I started working in the film business in Tucson Arizona in 1978, doing make up and stunt work. I moved to LA California in 1981 and started my film career in earnest. Around 1984/5, I was in Orange County California looking to kill some time, and I wandered into a Military surplus store. Right near the door was this olive drab, military looking mechanical device, that I quickly recognized as a "Stedicam". I asked the clerk about it, and he said, no it was not really a "Stedicam" it was a gun mount the military had been experimenting with for aircraft door mounts and jeep mounts, but they couldn't dampen out the "climb" from the gun recoil. I asked how much, and he said $500. Well that was out of my price range for something like this so I moved on. On the way home I was thinking how cool this device was and what I could make with it. Then It occurred to me, what if you used it like the "Stedicam", as a body mount, but for a huge gun in place of a camera. Now my hand drawing skills are fairly poor, but mechanical things I'm OK at drawing, at least to get the idea across. A couple of years earlier, I designed all the weapons for "Ice Pirates" for another Prop House, Ellis Mercantile, and since my illustration skills were so poor compared to professional concept designers, I figured my designs would be redrawn. But no, my original sketches, on notebook paper, were shown to the director. I was horrified.

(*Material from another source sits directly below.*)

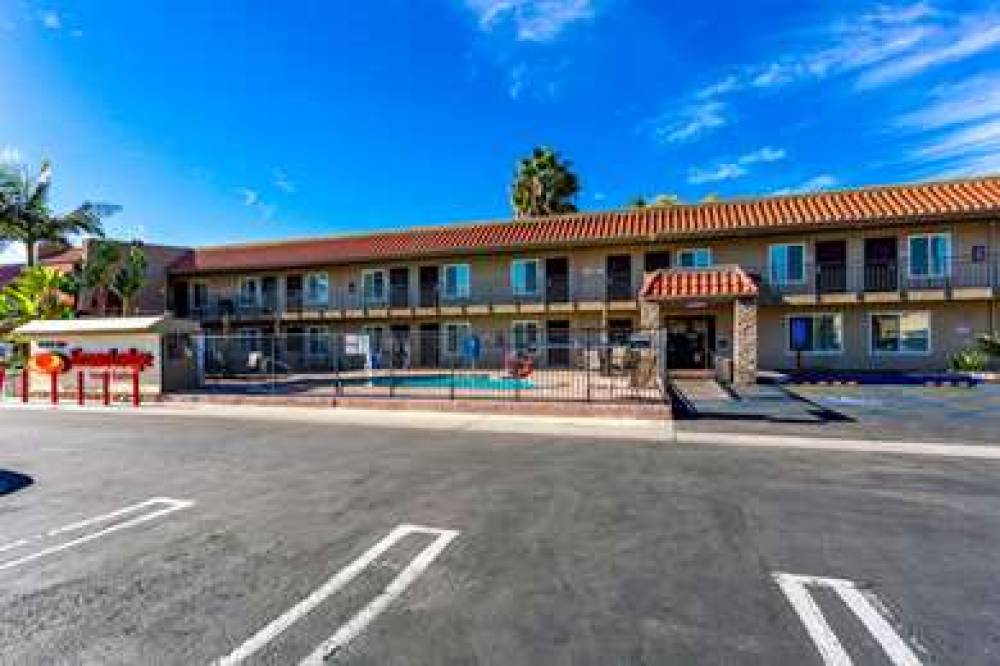 ECONO LODGE INN AND SUITES ESCONDID 1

So when I got home from Orange county, I did some sketches of Sci-Fi guns, with this surplus military gun mount. Happy with the design, I got out some good paper and did a final pen & ink drawing. Given my usually poor skills as an illustrator, I was pretty happy with the drawing. It was a large gun, perhaps 4 to 5 feet in length mounted to a stedicam style arm, which in turn was mounted to a body harness. The gun, when not being held, could be "stored" up behind the wearers shoulder. There were a couple a variations to the gun design, either on the same page or another drawing. (I don't recall)
At the time, I was working for one of Hollywood's bigger, more predominate Prop Houses, "The Hand Prop Room". Allen Levine the owner, was a retired prop master, who told me amazing stories of working on "Apocalypse Now" and "Jeremiah Johnson". One day, Allen calls me up to his office and asks if I have any sci-fi gun drawings. (He knew I did Ice Pirates for his competitor years earlier). I tell him I have a couple and he asks me to bring them in, he wants to show a prop master, who is working on a new sci-fi film.
At this time in history, color copies are rare, because the good Canon ones cost $100,000, so only the bigger copy businesses have them. In the morning Allen ask me about the drawings and I tell him, my plan to go make copies at lunch time. He tells me not to bother. I explain these are my one and only originals (not to mention rare good drawings). Again, he says don't worry, he's only going to show the prop master. Well, he let the guy take them, and it was the last I ever saw of my drawings. A few weeks later, when it was clear I was not getting my drawings back, and the Hand Prop room was not making props for this sci-fi movie, I asked Allen, what was the film. He said it's a sequel for "that dumb alien movie".
Well, needless to say I was pretty annoyed when I saw the film, and there where guns on stedicams. But that's Hollywood!